Frequently asked questions
- What is a covered call on EMR?
- A covered call on EMR is the covered call strategy applied to EMR (stock). The strategy is structurally neutral to slightly bullish: A covered call pairs long stock with a short out-of-the-money call, collecting premium and capping upside above the short strike in exchange for income. With EMR stock trading near $132.91, the strikes shown on this page are snapped to the nearest listed EMR chain strike and the premiums come straight from the end-of-day bid/ask midpoint.
- How are EMR covered call max profit and max loss calculated?

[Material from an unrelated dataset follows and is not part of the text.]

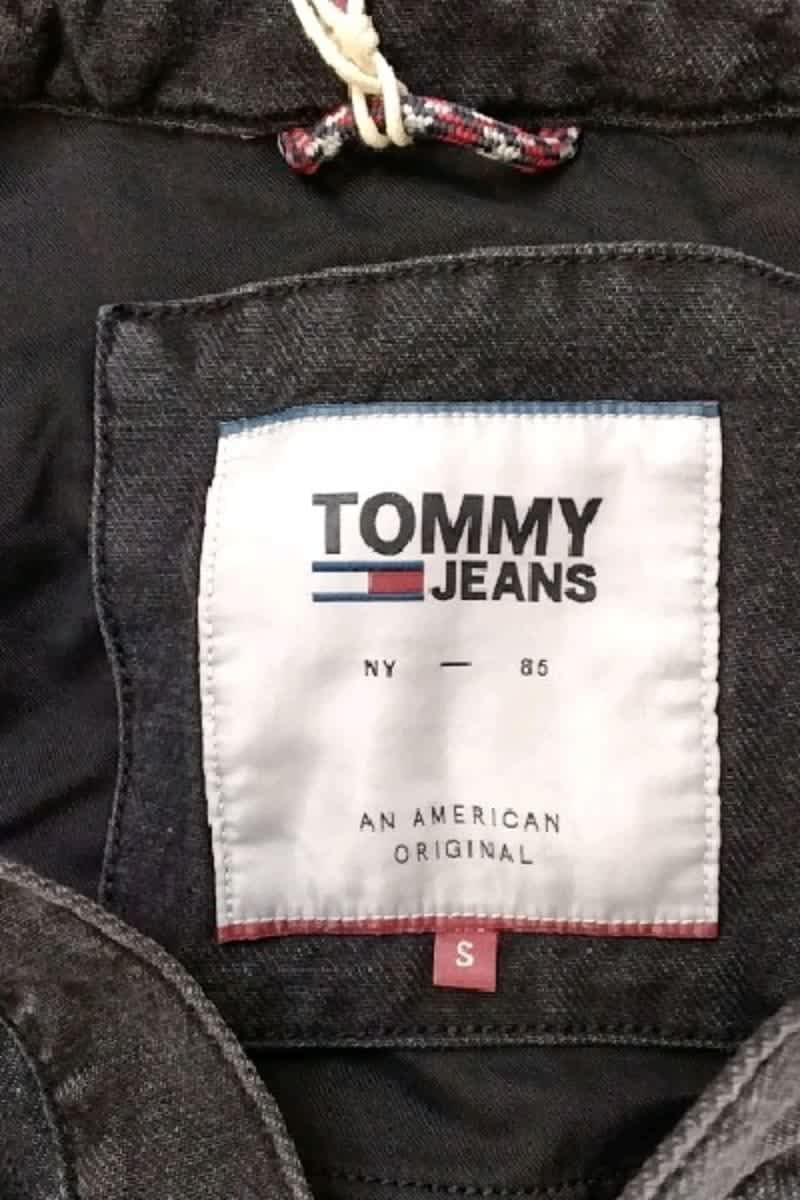 Veste Tommy Hilfiger  Noir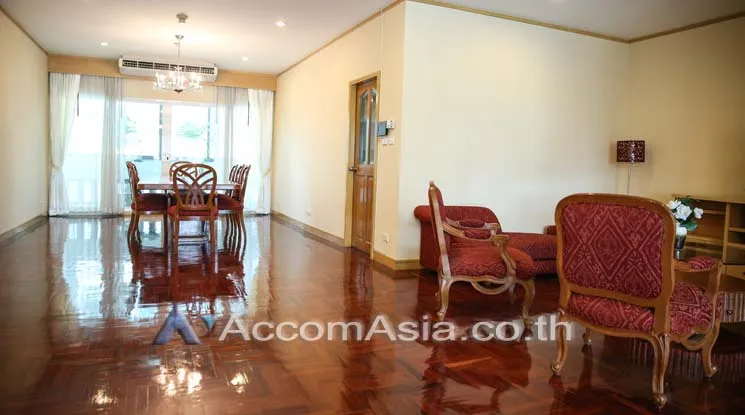 unitPet friendly |  3 Bedrooms  Apartment For Rent in Sukhumvit, Bangkok  near MRT Sukhumvit - BTS Asok (AA15328)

- Max profit equals short-strike minus cost basis plus premium times 100; max loss is cost basis minus premium (at zero). Breakeven is cost basis minus premium. For the EMR covered call priced from the end-of-day chain at a 30-day expiry (ATM IV 31.91%), the computed maximum profit is $986.50 per contract and the computed maximum loss is -$13,012.50 per contract. Live intraday quotes will differ as the chain moves through the trading session.
- What is the breakeven for a EMR covered call?
- The breakeven for the EMR covered call priced on this page is roughly $130.14 at expiration, derived from end-of-day chain premiums. Breakeven is the underlying price at which the strategy's P&L crosses zero ignoring transaction costs and assignment risk. The current EMR market-implied 1-standard-deviation expected move is approximately 9.15%; if the move sits well outside the breakeven distance, the structure's risk-reward becomes correspondingly tighter.
- When should you consider a covered call on EMR?
- Covered calls on EMR are an income strategy run on existing EMR stock positions; traders typically sell calls at 25-35 delta with 30-45 days to expiration to balance premium against upside cap.
- How does current EMR implied volatility affect this covered call?
- EMR ATM IV is at 31.91% with IV rank near 55.90%, which is mid-range against its 1-year history. Strategy selection depends more on directional thesis and expected move than on a strong IV signal.